╭─ MATERIAL PROVIDED

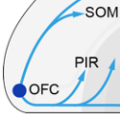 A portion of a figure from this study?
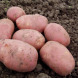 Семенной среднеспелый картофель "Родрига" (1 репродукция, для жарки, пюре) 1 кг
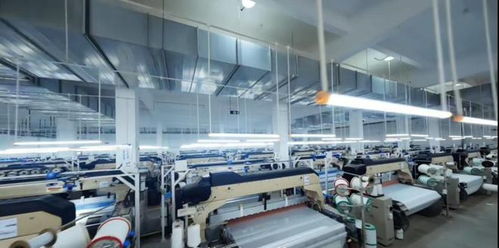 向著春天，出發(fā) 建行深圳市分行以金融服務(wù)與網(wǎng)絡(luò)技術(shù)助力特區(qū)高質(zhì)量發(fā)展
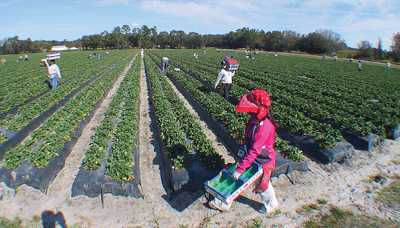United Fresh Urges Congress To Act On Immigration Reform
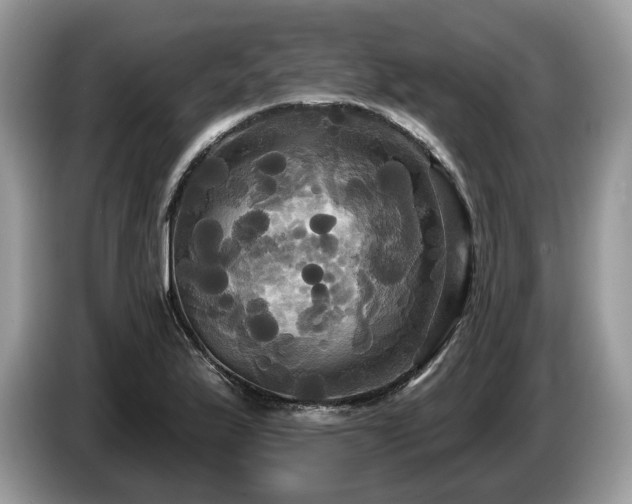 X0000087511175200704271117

╰─

__PROMPT__
Repeat the listing verbatim. Skip the pictures.

__SOLUTION TO THE EXERCISE__
 A portion of a figure from this study?
 Семенной среднеспелый картофель "Родрига" (1 репродукция, для жарки, пюре) 1 кг
 向著春天，出發(fā) 建行深圳市分行以金融服務(wù)與網(wǎng)絡(luò)技術(shù)助力特區(qū)高質(zhì)量發(fā)展
United Fresh Urges Congress To Act On Immigration Reform
 X0000087511175200704271117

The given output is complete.